Start of Data shown

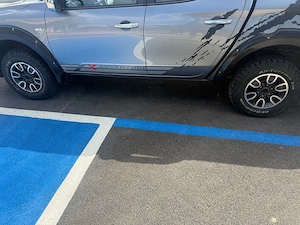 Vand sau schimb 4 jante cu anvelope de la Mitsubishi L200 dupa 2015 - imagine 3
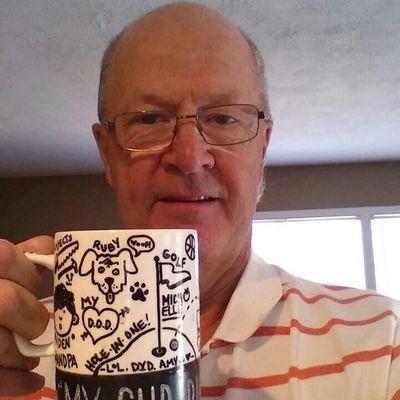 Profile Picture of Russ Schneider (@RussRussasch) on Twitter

End of Data shown
Start of Data shown

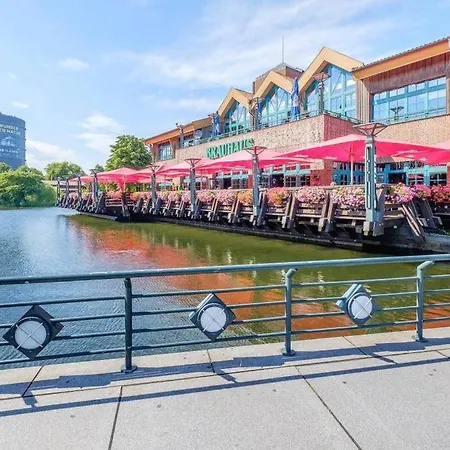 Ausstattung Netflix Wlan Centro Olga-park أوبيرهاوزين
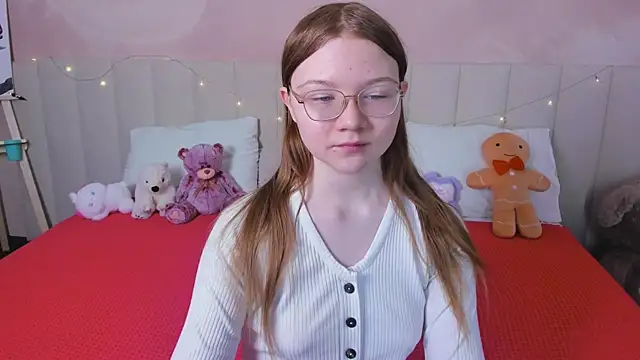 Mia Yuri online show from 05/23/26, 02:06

End of Data shown

What to do »
Above are some records. Output exactly the lines from the one that contains "Ausstattung Netflix Wlan" to the one that contains "Mia Yuri online show from 05/23/26, 02:06", keeping both, and omit the pictures.

Answer to this exercise »
 Ausstattung Netflix Wlan Centro Olga-park أوبيرهاوزين
 Mia Yuri online show from 05/23/26, 02:06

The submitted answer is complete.